BATON ROUGE (AP) — In a special session called to respond to the coronavirus pandemic, Louisiana lawmakers Thursday agreed to steer $20 million in state cash to local pet projects, a list crafted behind closed doors that received little public discussion and followed no specific vetting process.
The earmarks for municipal agencies tucked into a budget bill by legislative leaders ran into a buzzsaw of criticism Wednesday night from rank-and-file House lawmakers.
“We’ve got a lot of problems, and this is not what I thought I came down here to do. I don’t understand,” said Rep. Kenny Cox, a Natchitoches Democrat. “I didn’t think we had this kind of money.”
But after behind-the-scenes negotiations and a slight reworking of the list, the complaints in the House largely evaporated Thursday — at least publicly.
The House voted 87-13 and the Senate 31-0 for the final budget deal sent to Democratic Gov. John Bel Edwards, who didn’t say whether he will support the projects or strip them with his line-item veto.
The only complaint Thursday came from Rep. Tony Bacala, who said he had too little time to review the 13-page measure before voting on it.
“Do you really know what’s in this bill?” asked Bacala, a Prairieville Republican. “With about three minutes’ notice, just printed out, I’m asked to vote on a bill that I’m really not sure about.”
Yet Bacala, like most of his colleagues, chose to support the measure rather than go against the legislative leadership.
A day earlier in the House, the debate was laden with more objections.
Republicans and Democrats, including some on the budget committee, questioned Wednesday how the list was developed, who made the decisions and why Louisiana was spending its money on municipal sports and park facilities when its unemployment trust fund is bankrupt and borrowing federal money to pay jobless benefits.

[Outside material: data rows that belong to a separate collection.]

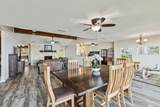 142 Peninsula Point Terrace - Photo 20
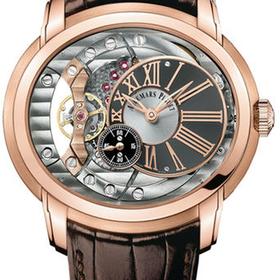 Make offer on Chrono24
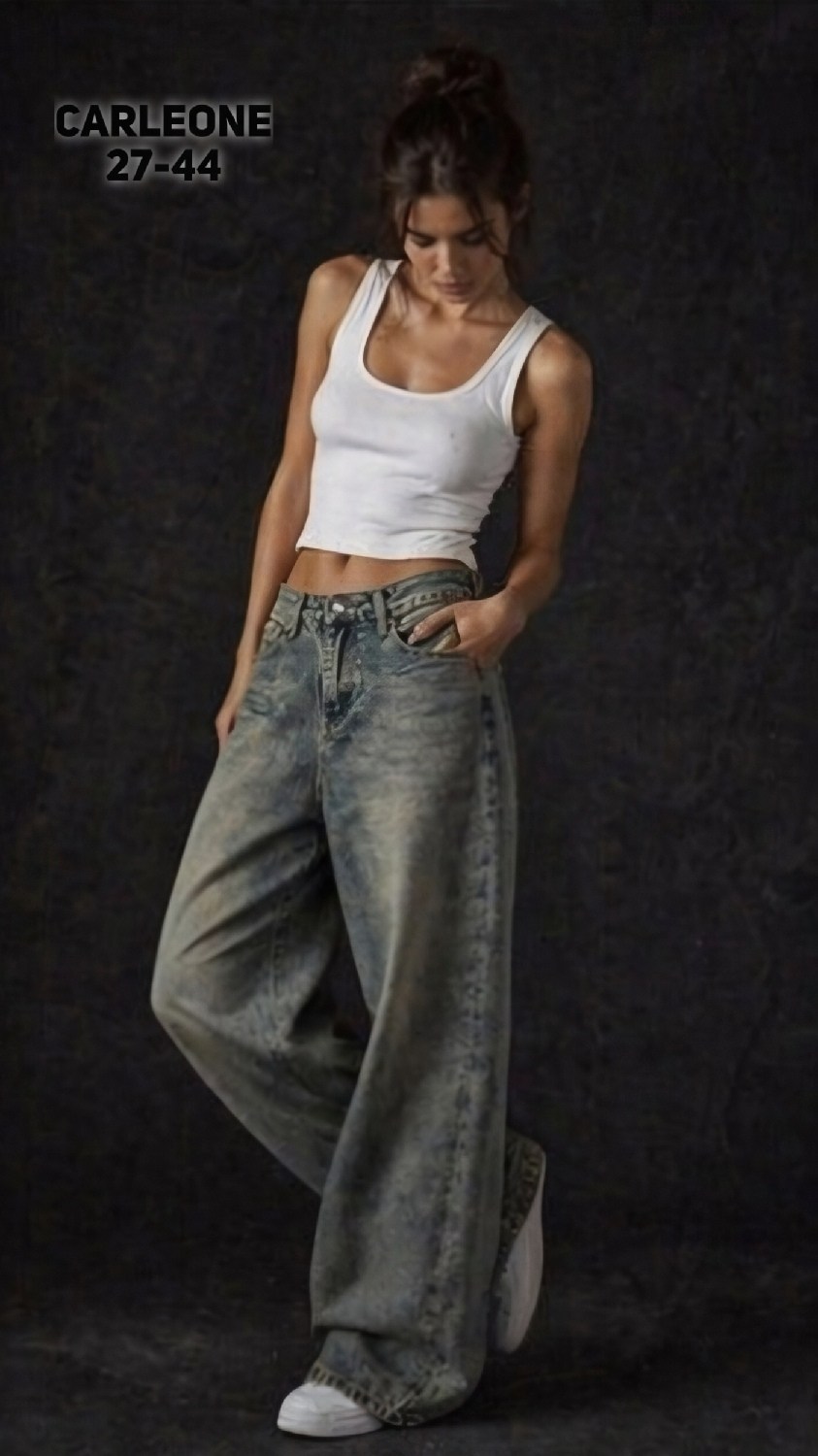 джинсы широкие,джинсы багги широкие,джинсы женские широкие,женские джинсы,брюки джинсы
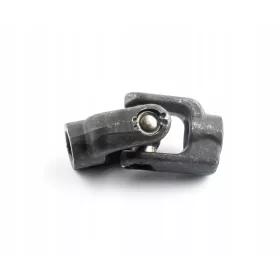 КАРДАН ЗА ЧИСТАЧКИ KCB25-F,SWP80-196-K NAC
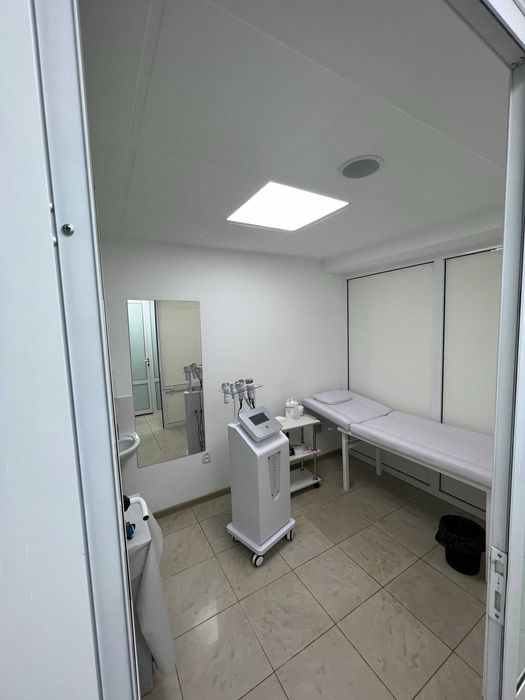 Продаётся нежилое помещение на 1 этаже с арендатором !!!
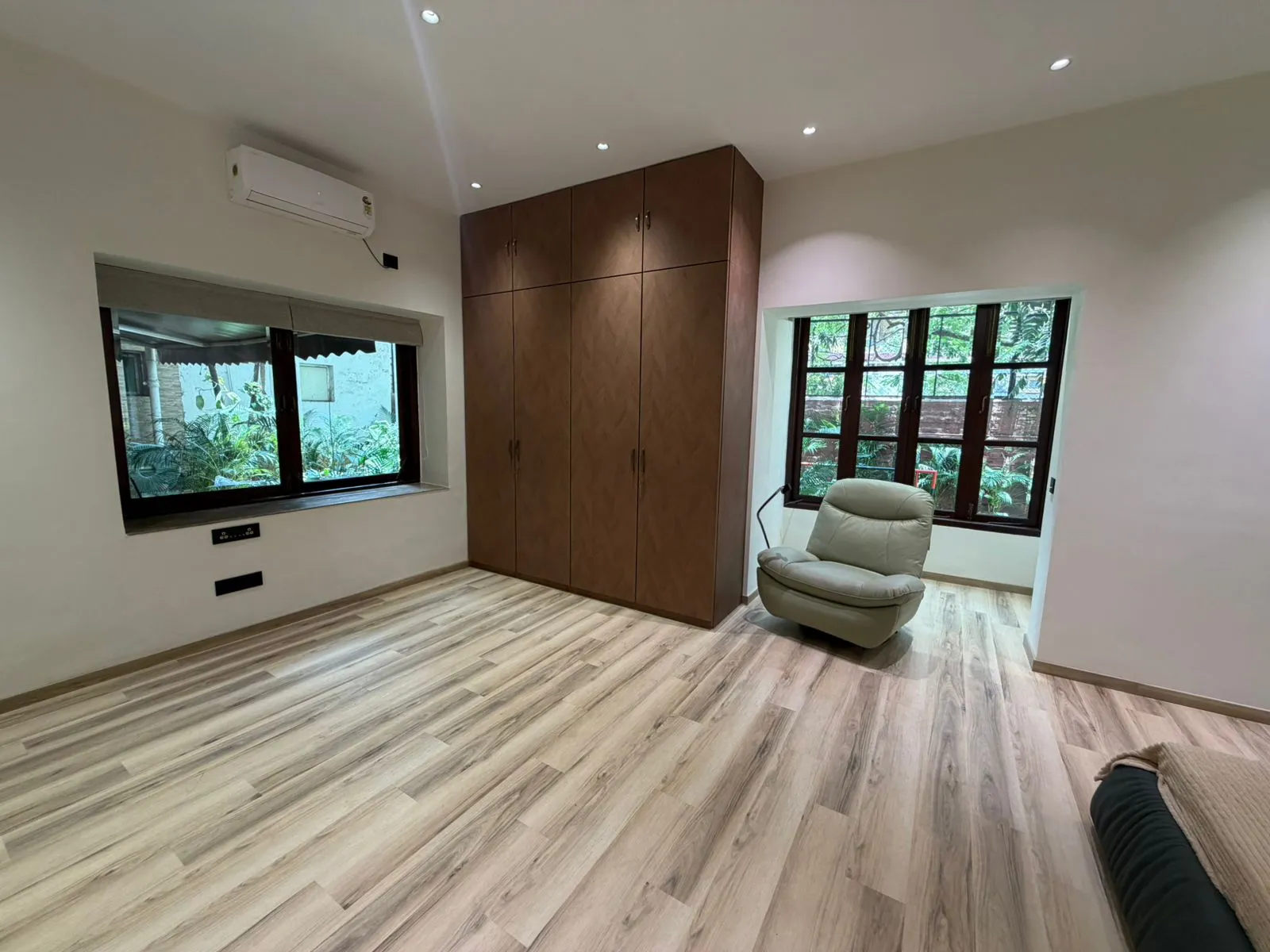 Marlboro House โ Peddar Road (21)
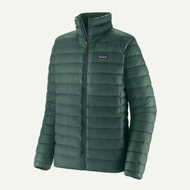 日本 Patagonia Down Sweater™ 男裝羽絨外套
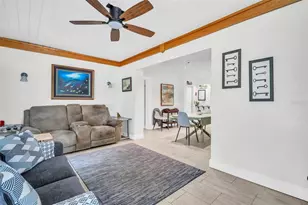 2796 Forest Pkwy S, Largo, FL 33771 - Photo 19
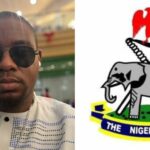 GridArt_20260103_075458466-1536x768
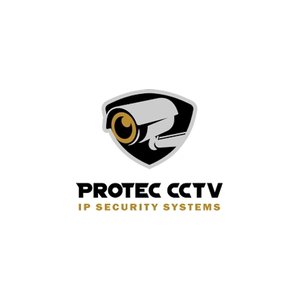 protecfresno brand logo for protecfresno.com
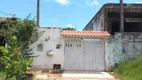 Foto 4 de Sobrado com 3 Quartos à venda, 180m² em Balneário Gaivota, Itanhaém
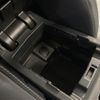 subaru xv 2015 -SUBARU--Subaru XV DAA-GPE--GPE-029752---SUBARU--Subaru XV DAA-GPE--GPE-029752- image 29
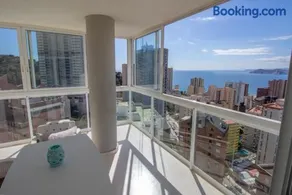 Residence Vacanza Torre Monaco - Image 2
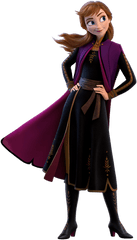 Imagem Anna Frozen 2 Png - As Melhores Imagens Frozen 2 Png Anna Frozen 2 Png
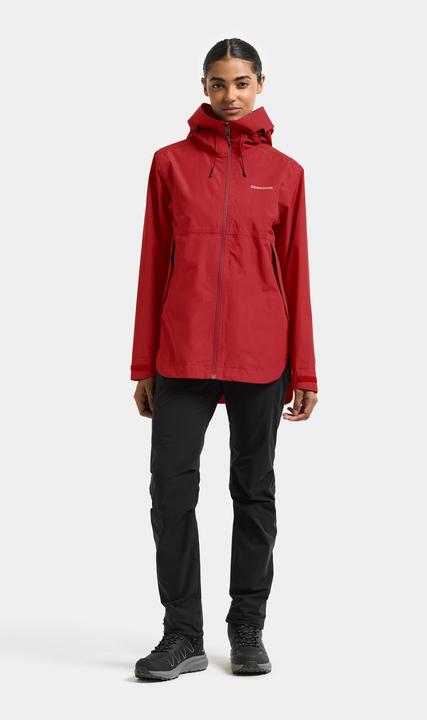 Immagine prodotto Didriksons Tilde 4 (XS)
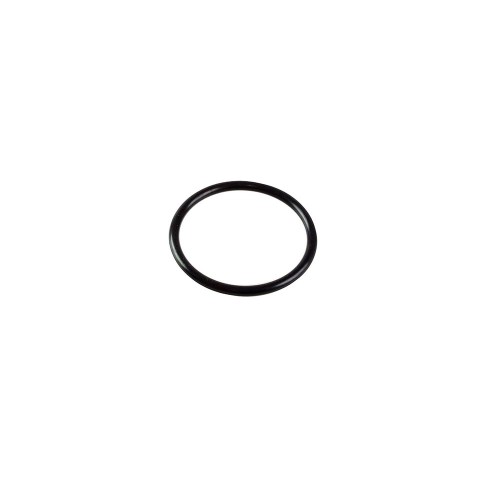 Кольцо круглого сечения 8х2, арт. 6.362-101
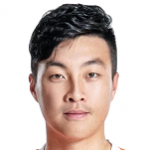 L. Junjian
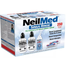 NeilMed Sinus Rinse Kit image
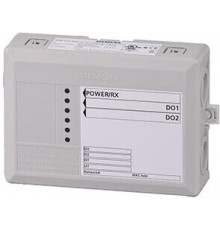 QAX160 | S55664-J111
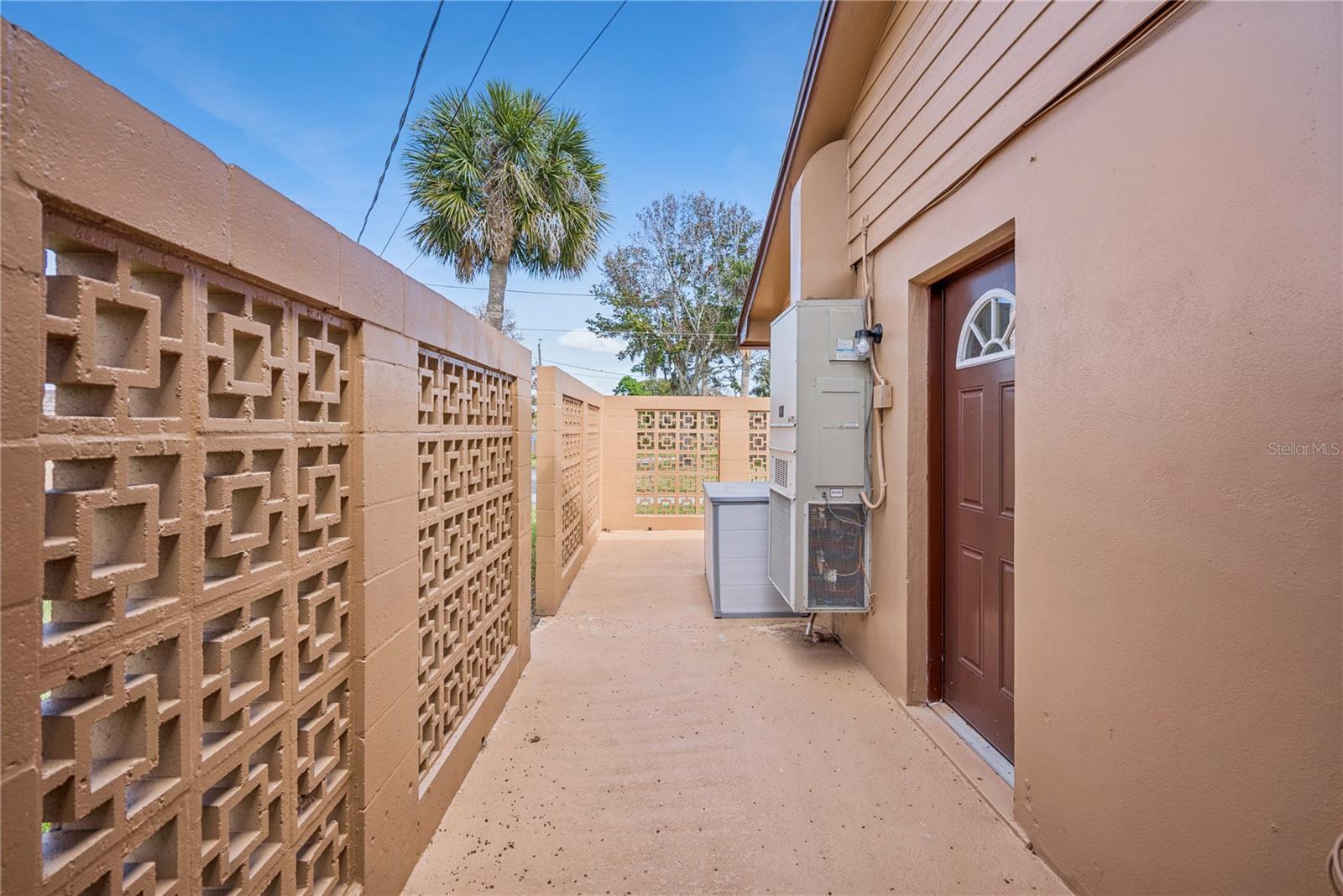 516 B ST, CASSELBERRY, FL, 32707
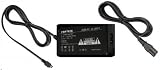 SterlingTek's POWWER Sony AC-L25A/B Power Adapter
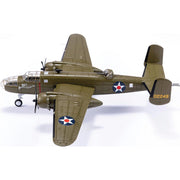 Air Force 1 1/72 USAAF Boeing B-25 Doolittle Raid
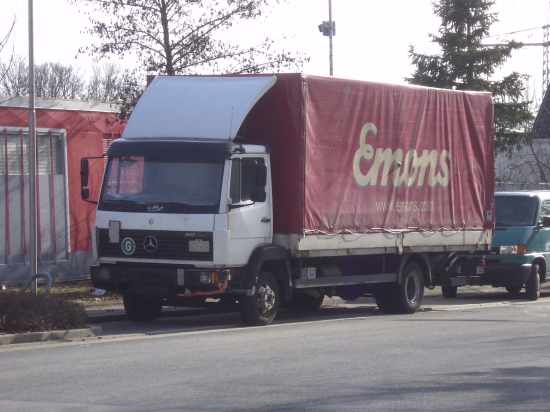 lkw3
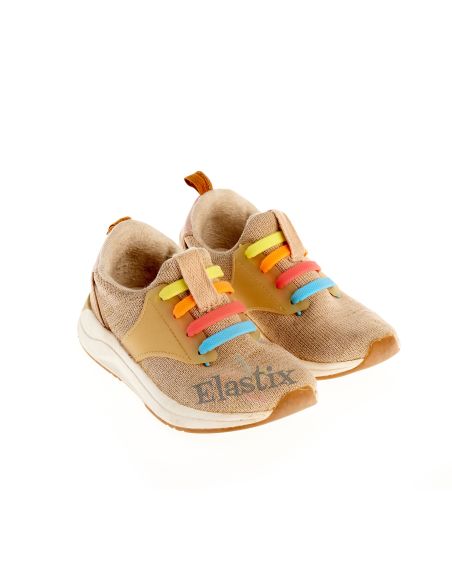 Sireturi pentru copii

“If we’re borrowing money from the federal government that we don’t have, maybe we shouldn’t add last-minute projects,” said Rep. Richard Nelson, a Mandeville Republican. “Maybe the sports complex … maybe that shouldn’t be as high a priority.”
House lawmakers objected to the removal of $15 million slated to help cash-strapped local public defenders from the bill and the reallocation of that money to the local earmarks. By Thursday, $3 million was restored to help public defenders.
Appropriations Chairman Jerome “Zee” Zeringue, the Houma Republican who shepherds budget bills through the House, defended the projects. He said individual lawmakers requested the items.
“These are projects that the authors obviously felt very strongly about,” Zeringue said.
He said most of the dollars will pay for local infrastructure and drainage work and assist police officers and firefighters that have had to respond to multiple hurricanes and COVID-19.
Zeringue noted lawmakers also were steering $85 million to the unemployment trust fund, which has been drained to provide aid to hundreds of thousands of Louisiana workers forced out of jobs during the pandemic.
Many of the local projects appear to be in or near the districts of legislative leaders. Most of the line-items provide little information about how the money will be spent.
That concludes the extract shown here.